(Caption-style text data)
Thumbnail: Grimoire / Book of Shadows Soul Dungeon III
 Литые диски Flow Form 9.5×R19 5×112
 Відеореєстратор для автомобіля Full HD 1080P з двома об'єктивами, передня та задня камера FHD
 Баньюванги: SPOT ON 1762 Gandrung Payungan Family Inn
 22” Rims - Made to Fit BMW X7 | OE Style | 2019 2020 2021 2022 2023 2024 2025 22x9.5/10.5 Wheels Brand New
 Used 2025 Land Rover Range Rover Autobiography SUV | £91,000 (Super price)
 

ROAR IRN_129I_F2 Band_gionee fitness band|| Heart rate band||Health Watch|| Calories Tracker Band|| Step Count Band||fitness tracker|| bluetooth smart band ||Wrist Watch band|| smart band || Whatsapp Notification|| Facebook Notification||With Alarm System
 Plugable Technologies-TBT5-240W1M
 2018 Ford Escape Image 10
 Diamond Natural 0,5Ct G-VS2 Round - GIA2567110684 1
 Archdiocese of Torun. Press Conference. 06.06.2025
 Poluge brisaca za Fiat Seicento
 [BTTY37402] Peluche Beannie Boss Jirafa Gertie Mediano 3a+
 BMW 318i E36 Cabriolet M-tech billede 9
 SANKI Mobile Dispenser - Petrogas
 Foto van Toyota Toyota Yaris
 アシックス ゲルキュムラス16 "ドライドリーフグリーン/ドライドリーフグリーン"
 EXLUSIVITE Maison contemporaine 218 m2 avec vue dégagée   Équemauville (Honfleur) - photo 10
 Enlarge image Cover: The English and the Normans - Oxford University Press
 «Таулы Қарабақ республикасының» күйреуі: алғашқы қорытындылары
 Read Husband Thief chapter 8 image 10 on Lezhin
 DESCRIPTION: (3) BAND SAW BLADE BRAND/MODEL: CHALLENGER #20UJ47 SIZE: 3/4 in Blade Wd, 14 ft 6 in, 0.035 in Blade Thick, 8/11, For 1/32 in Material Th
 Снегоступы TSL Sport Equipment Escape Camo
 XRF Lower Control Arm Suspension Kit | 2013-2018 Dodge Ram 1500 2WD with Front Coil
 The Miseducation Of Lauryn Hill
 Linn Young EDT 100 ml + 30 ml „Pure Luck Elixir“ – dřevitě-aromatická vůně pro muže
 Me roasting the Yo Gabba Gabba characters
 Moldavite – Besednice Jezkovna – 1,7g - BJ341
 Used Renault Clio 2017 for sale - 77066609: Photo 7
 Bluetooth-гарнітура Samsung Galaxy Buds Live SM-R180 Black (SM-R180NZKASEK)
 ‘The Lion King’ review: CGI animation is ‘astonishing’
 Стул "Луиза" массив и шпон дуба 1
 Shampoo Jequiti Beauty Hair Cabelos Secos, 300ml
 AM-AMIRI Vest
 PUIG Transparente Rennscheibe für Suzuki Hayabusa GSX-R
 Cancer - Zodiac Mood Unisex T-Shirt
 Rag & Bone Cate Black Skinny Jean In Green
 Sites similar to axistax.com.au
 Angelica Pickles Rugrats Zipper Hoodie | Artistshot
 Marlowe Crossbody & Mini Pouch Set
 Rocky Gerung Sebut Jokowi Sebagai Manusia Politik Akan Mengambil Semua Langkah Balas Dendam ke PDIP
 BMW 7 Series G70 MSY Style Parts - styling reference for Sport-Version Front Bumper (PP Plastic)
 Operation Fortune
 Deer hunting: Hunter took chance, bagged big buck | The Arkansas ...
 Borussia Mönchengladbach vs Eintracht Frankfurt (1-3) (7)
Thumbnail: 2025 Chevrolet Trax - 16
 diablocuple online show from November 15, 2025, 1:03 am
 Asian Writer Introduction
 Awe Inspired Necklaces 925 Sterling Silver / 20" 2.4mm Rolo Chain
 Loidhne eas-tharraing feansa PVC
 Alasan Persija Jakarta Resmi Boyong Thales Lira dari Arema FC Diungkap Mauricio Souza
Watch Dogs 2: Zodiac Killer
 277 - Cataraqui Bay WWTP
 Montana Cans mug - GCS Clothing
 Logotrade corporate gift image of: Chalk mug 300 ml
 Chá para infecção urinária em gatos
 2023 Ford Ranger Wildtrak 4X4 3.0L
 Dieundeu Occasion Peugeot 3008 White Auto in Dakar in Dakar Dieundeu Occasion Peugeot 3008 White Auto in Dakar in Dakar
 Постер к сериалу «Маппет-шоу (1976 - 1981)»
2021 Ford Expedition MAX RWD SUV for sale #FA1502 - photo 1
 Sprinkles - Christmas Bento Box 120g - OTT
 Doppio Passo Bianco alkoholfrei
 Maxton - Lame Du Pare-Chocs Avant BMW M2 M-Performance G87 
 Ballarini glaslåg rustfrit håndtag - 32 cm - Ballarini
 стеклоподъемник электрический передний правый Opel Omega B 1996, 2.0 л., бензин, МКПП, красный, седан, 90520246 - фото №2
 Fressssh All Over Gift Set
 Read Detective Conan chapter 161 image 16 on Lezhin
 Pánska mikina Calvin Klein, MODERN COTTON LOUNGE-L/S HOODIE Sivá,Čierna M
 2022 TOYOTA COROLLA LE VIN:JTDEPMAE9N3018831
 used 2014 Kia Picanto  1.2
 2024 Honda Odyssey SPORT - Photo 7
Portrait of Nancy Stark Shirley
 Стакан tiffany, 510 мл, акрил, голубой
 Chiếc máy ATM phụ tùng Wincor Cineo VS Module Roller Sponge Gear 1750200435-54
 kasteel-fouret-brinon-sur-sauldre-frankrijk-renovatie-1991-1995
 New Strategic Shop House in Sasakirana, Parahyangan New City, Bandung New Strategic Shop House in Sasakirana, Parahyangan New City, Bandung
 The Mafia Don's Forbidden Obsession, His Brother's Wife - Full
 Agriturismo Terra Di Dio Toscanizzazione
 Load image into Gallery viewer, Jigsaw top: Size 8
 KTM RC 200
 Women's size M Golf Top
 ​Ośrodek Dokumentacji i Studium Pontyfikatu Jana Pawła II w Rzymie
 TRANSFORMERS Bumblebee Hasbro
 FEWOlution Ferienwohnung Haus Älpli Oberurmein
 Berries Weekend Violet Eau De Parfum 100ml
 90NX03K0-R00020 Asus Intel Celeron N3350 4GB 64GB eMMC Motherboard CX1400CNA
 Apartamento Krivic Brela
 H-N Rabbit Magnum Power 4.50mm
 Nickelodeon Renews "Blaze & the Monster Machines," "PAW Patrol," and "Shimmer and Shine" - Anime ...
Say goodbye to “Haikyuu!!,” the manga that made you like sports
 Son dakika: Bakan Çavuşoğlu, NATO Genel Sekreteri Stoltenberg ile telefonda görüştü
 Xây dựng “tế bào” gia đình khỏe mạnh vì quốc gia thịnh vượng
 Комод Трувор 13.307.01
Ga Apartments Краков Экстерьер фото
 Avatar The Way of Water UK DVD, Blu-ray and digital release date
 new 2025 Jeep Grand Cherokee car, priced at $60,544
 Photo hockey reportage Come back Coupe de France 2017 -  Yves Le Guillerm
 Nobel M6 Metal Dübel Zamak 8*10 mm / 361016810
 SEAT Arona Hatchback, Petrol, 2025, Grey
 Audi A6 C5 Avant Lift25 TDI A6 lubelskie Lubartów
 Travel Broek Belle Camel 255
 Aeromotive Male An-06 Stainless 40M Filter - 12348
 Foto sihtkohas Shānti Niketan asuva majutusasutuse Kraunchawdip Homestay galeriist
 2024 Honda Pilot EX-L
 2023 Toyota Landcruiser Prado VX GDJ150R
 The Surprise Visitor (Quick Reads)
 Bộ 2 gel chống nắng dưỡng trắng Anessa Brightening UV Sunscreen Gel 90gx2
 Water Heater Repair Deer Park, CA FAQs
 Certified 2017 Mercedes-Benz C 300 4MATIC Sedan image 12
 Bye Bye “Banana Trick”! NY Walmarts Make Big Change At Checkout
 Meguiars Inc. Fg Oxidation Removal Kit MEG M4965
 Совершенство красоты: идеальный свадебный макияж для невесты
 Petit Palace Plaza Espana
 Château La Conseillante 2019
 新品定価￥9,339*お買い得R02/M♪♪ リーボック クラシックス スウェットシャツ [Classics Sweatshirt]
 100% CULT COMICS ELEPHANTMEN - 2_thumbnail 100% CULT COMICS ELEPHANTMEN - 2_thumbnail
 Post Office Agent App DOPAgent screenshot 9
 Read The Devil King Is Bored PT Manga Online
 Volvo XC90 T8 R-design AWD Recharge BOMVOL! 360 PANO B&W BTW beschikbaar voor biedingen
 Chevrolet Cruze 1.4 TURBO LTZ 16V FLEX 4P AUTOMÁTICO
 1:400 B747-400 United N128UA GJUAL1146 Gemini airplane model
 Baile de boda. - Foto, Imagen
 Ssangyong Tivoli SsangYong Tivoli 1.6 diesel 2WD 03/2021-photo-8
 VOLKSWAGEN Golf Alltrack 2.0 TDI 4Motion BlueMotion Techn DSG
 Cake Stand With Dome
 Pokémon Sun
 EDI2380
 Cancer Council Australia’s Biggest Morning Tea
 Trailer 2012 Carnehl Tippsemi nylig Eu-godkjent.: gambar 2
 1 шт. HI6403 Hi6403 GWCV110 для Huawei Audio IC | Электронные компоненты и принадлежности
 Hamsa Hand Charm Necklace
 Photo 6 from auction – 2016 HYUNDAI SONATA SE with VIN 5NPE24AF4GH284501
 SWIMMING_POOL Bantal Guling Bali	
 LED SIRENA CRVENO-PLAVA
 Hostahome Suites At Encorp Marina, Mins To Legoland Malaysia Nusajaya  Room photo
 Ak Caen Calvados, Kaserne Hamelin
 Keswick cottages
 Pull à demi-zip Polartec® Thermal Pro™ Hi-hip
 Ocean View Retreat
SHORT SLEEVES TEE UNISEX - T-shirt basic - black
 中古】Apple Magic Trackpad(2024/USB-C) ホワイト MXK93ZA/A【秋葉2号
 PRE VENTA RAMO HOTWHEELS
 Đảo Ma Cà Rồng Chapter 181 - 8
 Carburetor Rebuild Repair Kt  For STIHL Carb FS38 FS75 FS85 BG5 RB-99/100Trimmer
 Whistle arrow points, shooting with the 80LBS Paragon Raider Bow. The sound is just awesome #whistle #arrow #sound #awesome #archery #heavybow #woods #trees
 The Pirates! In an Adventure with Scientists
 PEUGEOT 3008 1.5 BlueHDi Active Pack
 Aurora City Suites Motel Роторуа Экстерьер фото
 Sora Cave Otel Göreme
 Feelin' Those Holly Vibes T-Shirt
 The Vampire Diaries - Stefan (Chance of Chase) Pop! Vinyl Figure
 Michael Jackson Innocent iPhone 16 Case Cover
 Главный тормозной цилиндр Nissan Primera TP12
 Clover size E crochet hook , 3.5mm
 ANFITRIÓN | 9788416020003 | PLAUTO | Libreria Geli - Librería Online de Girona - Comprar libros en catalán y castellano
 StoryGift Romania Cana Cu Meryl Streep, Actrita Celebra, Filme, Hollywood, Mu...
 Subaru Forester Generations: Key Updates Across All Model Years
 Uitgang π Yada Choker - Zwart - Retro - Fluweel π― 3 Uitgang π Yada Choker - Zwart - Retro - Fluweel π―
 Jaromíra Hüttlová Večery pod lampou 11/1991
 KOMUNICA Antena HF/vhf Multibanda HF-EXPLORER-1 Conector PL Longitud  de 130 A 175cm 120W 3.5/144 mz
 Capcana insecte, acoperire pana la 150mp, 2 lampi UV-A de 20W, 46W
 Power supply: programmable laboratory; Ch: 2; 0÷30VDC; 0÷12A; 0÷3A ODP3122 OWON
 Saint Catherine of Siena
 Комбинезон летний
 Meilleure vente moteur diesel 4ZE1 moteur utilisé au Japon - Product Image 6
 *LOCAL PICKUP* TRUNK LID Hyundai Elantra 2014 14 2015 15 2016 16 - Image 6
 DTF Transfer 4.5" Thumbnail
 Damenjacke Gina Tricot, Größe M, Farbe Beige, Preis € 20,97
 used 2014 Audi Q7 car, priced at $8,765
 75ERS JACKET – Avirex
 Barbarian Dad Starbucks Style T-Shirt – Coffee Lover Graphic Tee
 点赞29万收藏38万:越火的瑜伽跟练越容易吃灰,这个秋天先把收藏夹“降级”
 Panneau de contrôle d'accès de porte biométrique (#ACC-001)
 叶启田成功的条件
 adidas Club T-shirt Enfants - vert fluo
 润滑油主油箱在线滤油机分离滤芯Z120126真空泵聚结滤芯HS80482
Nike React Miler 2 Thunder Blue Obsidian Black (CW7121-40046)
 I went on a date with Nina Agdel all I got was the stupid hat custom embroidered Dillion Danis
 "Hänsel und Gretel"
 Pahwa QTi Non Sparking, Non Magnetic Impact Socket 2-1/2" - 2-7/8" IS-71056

» **Work instructions**
Within the data above, the span starting at the line containing "Đảo Ma Cà Rồng Chapter 181 - 8" and ending at the line containing "Michael Jackson Innocent" is to be retyped exactly, with no other lines.

» **Response**
 Đảo Ma Cà Rồng Chapter 181 - 8
 Carburetor Rebuild Repair Kt  For STIHL Carb FS38 FS75 FS85 BG5 RB-99/100Trimmer
 Whistle arrow points, shooting with the 80LBS Paragon Raider Bow. The sound is just awesome #whistle #arrow #sound #awesome #archery #heavybow #woods #trees
 The Pirates! In an Adventure with Scientists
 PEUGEOT 3008 1.5 BlueHDi Active Pack
 Aurora City Suites Motel Роторуа Экстерьер фото
 Sora Cave Otel Göreme
 Feelin' Those Holly Vibes T-Shirt
 The Vampire Diaries - Stefan (Chance of Chase) Pop! Vinyl Figure
 Michael Jackson Innocent iPhone 16 Case Cover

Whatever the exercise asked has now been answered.